Other ways of measuring what is in our air become important in places like work environments where many chemicals become dangerous in certain concentrations. We get stuck in those locations for hours, repeated over days/weeks/years. OSHA will have lists of all kinds of chemicals and what is/isn't safe to breathe. Those numbers in the danger zones are in PPM, or parts per million, or when they're even more dangerous, PPB, parts per billion. You get the same measurements in the water we drink, where the tiniest amount of certain molecules can do untold damage to us. If we're on municipal water systems, we get annual reports on how many PPM of arsenic or lead, for examples, are in what we drink, cook with, and bathe in. Read the next one before you toss it away.

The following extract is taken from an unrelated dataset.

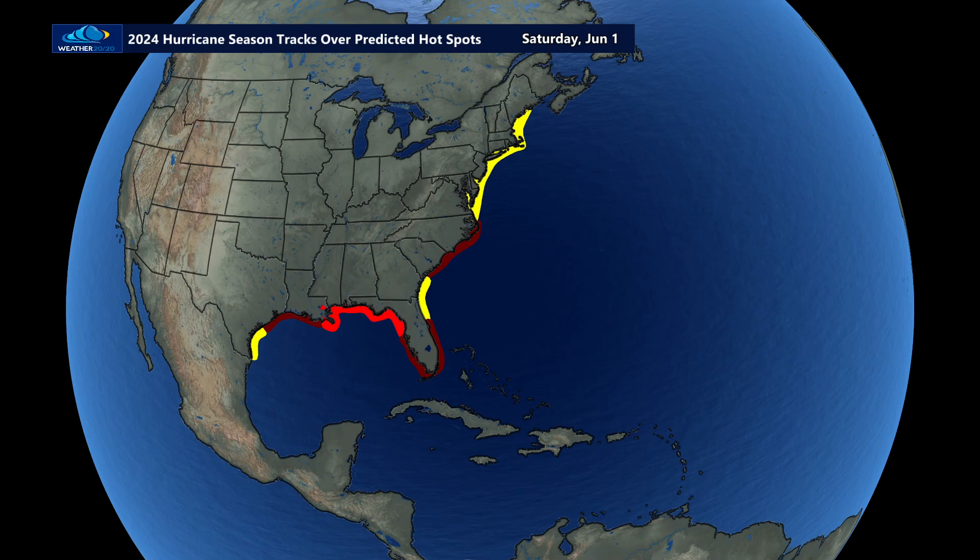So I'm going to take you through this now. Watch closely as we put this into motion and you'll see the entire hurricane season. We're in June now — look at the calendar up here.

For those who have been paying attention, CO2 and methane amounts in our atmosphere are beginning to cause problems. We're heating up. Ice is melting. Each new measurement is worse than the last. The whole process is accelerating, and numerous tipping points, the places where we can no longer stop it, have been reached. Since heat is energy, and the atmosphere is heating up, weather is getting more energy. Simple physics. Simple math. As little as five years ago we kept hearing "We can't blame X event on global warming, it's just an isolated weather event." But they keep getting worse, stronger and more frequent, and temperatures keep rising. And rising. And rise off the charts. It is global warming.
Now I did inquire of Professor Google about these next numbers. Where are carbon dioxide levels now, and where did they used to be? Back before the industrial age, before when we started pouring all that smoke into the air, filled with carbon from burning oil, gas, coal, wood, and whatever, CO2 levels were measured at around 280 PPM. We just passed 424 PPM.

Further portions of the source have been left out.